▶ _Required action_
Output nothing but the lines from the first line of the listing below through the line containing "Đoàn kiểm tra", printed exactly and free of pictures.

▶ _Data excerpts_
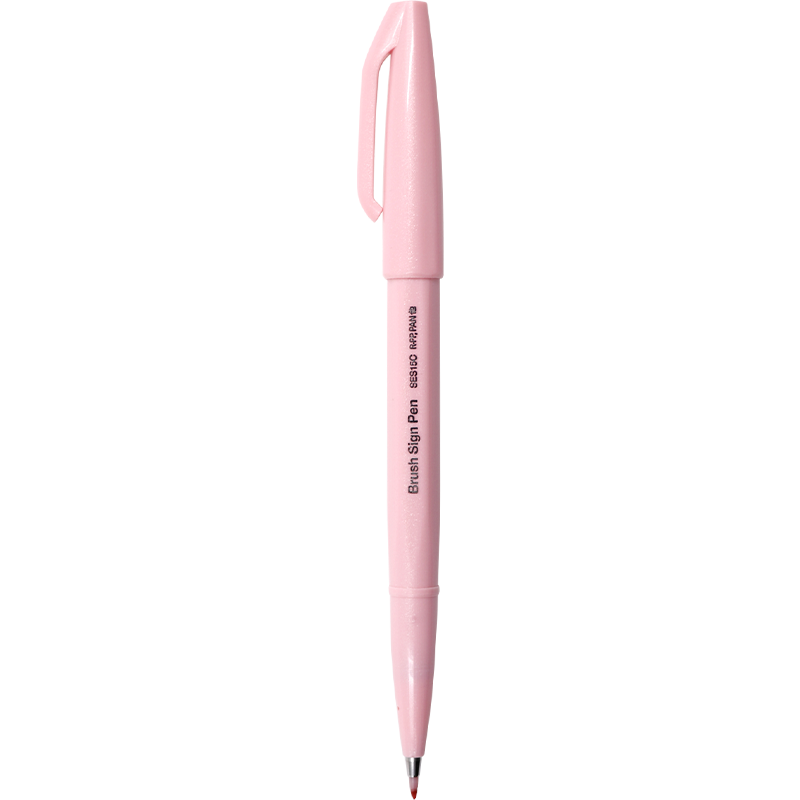 Pentel Colored Soft-Tip Gel Pen, Flexible Tip Water-Based Pen Touch for Journaling, Letters, Cards SES15C Cherry Pink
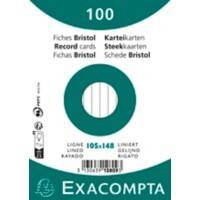 Exacompta Karteikarten 10809SE DIN A6 Weiß 14,8 x 10,5 x 2 cm 20 Stück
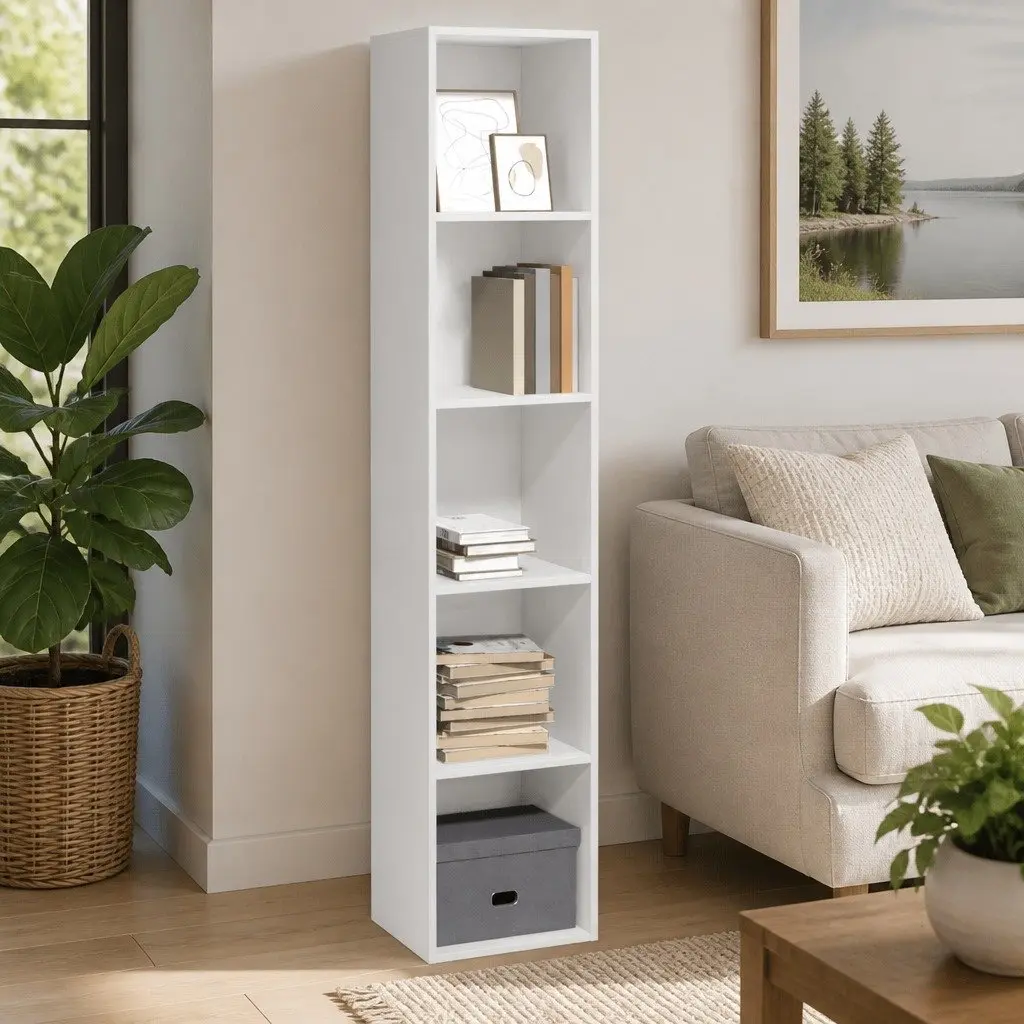 Bookcase White 40x30x189 cm Engineered Wood Open Shelves Storage Cabinet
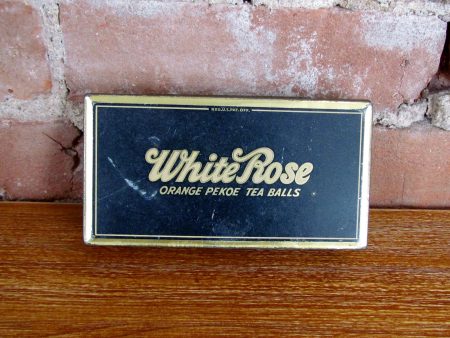 White Rose Tea Balls Tin Antique 1930 s Advertising Metal Box For Discount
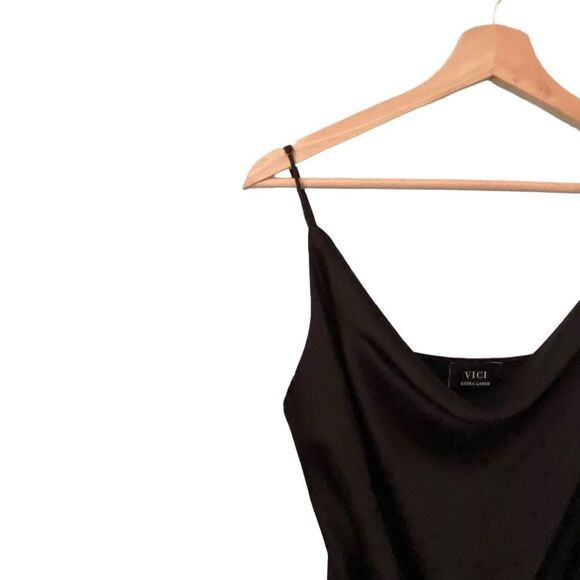 Vici Treat Satin Cowl Neck Romper in Black Size Extra Large - Picture 8 of 11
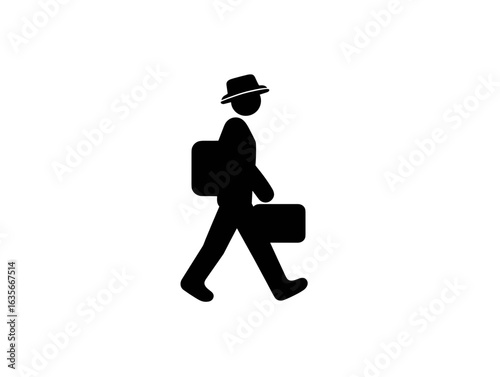 Silhouette of man walking with briefcase and backpack in profile  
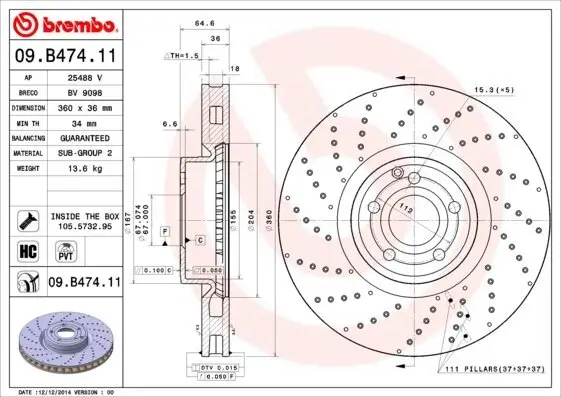 Bremsscheibe Vorderachse BREMBO 09.B474.11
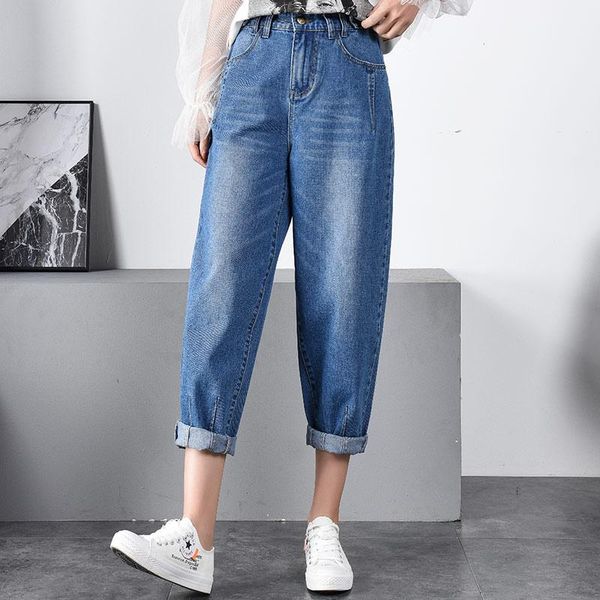 

women's jeans cotton blend casual denim elastic waist harem pants for women plus size fashion spring autumn blommers capris tyn2009, Blue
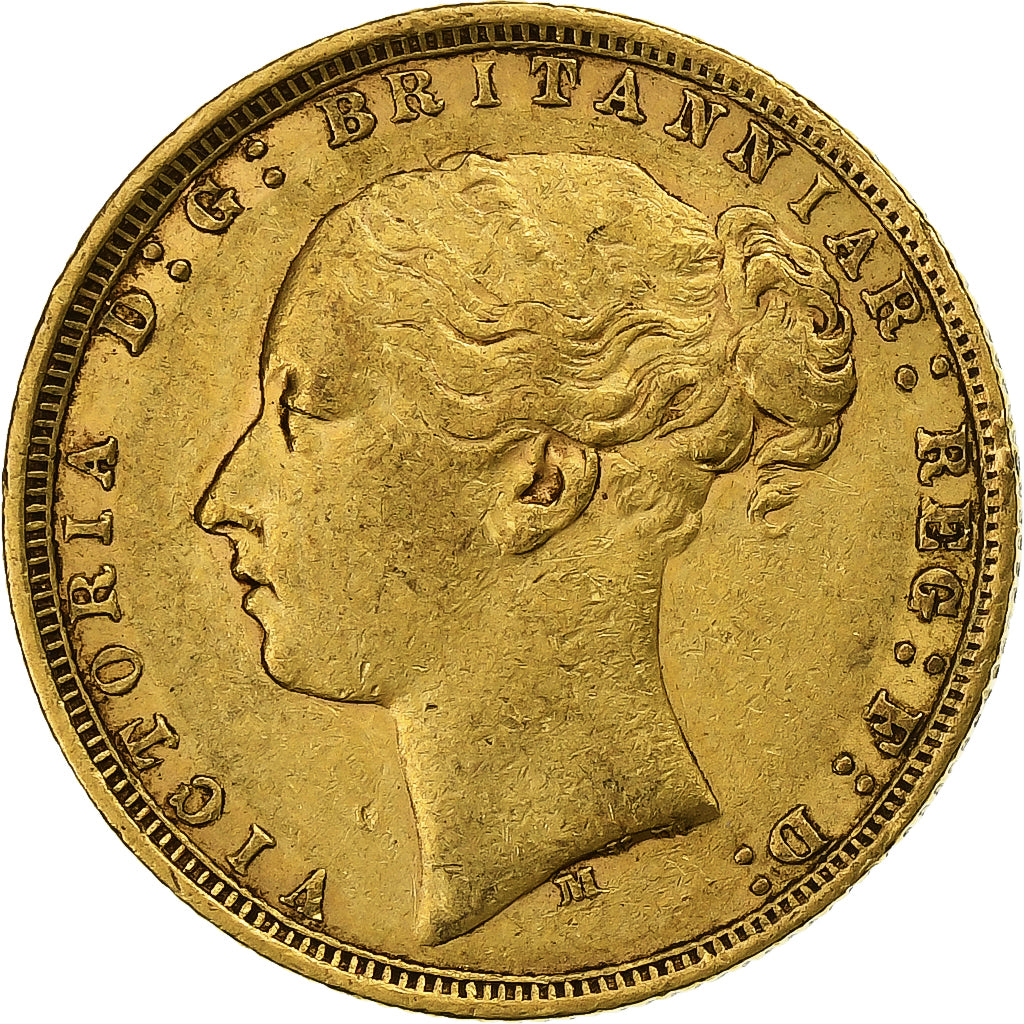 Australia, Victoria, Sovereign, 1875, Melbourne, Gold, EF(40-45), KM:7
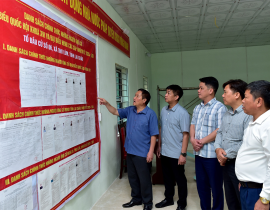 Đoàn kiểm tra số 4 tại buổi kiểm tra công tác bầu cử đại biểu Quốc hội khóa XVI và đại biểu HĐND các cấp nhiệm kỳ 2026–2031 chiều 2/3 tại xã Thu Lũm.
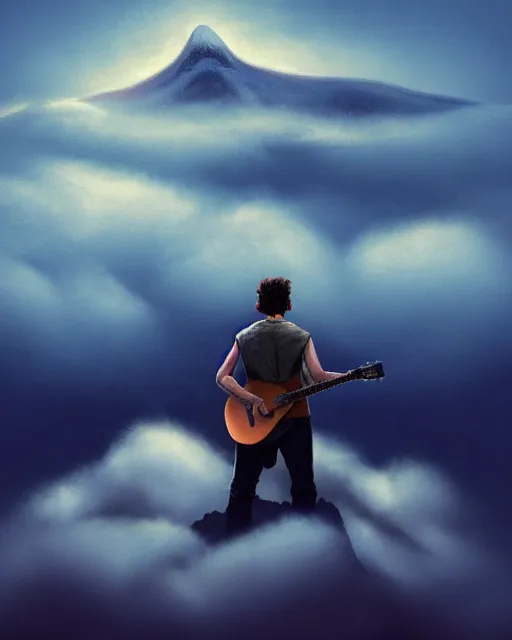 Prompt: A figure of a man with a guitar obscured by clouds and mist. The clouds look like mountains high in the sky, the clouds are a deep blue purple color with the sun blazing behind the clouds, deep focus, D&D, fantasy, intricate, elegant, highly detailed, digital painting, artstation, concept art, matte, sharp focus, illustration, hearthstone, art by Artgerm and Greg Rutkowski and Alphonse Mucha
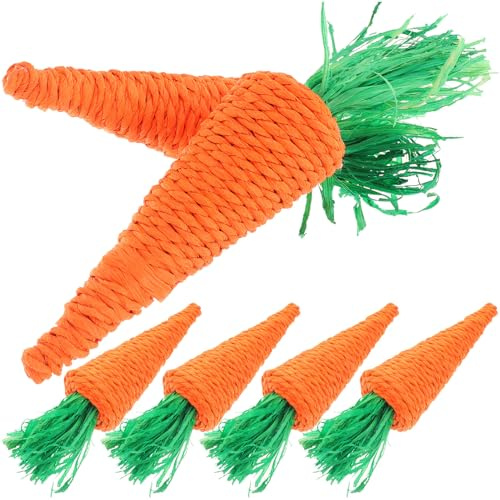 RUNROTOO 6pcs Hand-Woven Radish Chew for Small Pets, Rabbit Molar Made of Paper Rope, Easter Decor and Hamster Chewing Supplies, Extra Large Carrot Shape for Bunny and Rodents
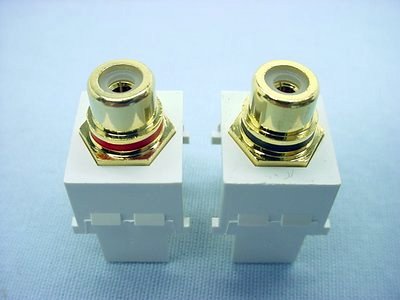 Leviton 40830-W White Quickport Stereo RCA Jacks Gold Black & Red Striped 5 Pair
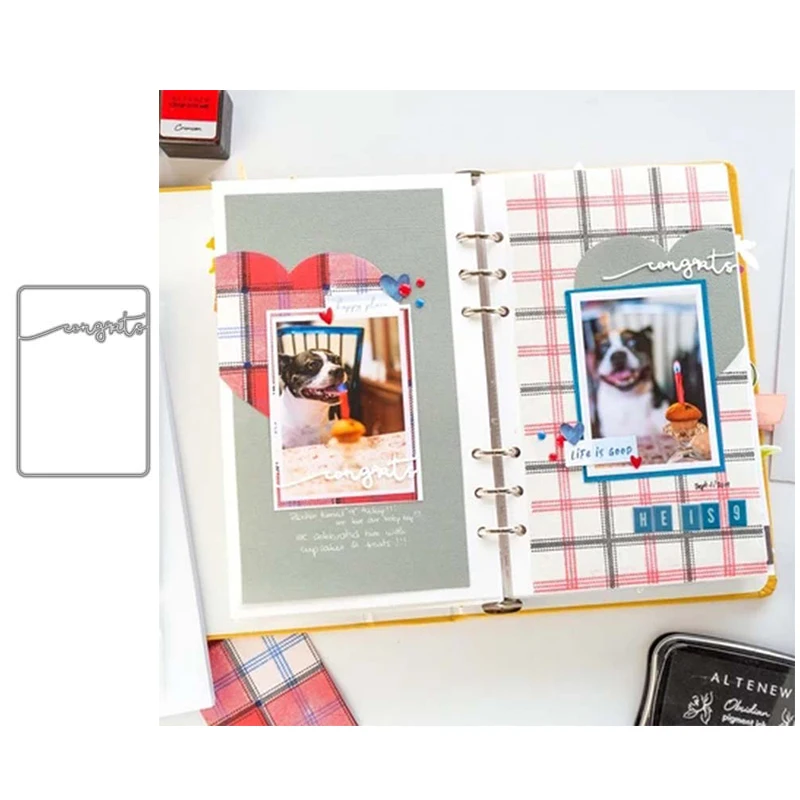 

JC Metal Cutting Dies for Scrapbooking Congratulate Rectangle Frame Stencil Handmade Paper Card Making Model Craft Decoration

▶ _Task output_
 Pentel Colored Soft-Tip Gel Pen, Flexible Tip Water-Based Pen Touch for Journaling, Letters, Cards SES15C Cherry Pink
 Exacompta Karteikarten 10809SE DIN A6 Weiß 14,8 x 10,5 x 2 cm 20 Stück
 Bookcase White 40x30x189 cm Engineered Wood Open Shelves Storage Cabinet
 White Rose Tea Balls Tin Antique 1930 s Advertising Metal Box For Discount
 Vici Treat Satin Cowl Neck Romper in Black Size Extra Large - Picture 8 of 11
 Silhouette of man walking with briefcase and backpack in profile  
 Bremsscheibe Vorderachse BREMBO 09.B474.11

women's jeans cotton blend casual denim elastic waist harem pants for women plus size fashion spring autumn blommers capris tyn2009, Blue
 Australia, Victoria, Sovereign, 1875, Melbourne, Gold, EF(40-45), KM:7
 Đoàn kiểm tra số 4 tại buổi kiểm tra công tác bầu cử đại biểu Quốc hội khóa XVI và đại biểu HĐND các cấp nhiệm kỳ 2026–2031 chiều 2/3 tại xã Thu Lũm.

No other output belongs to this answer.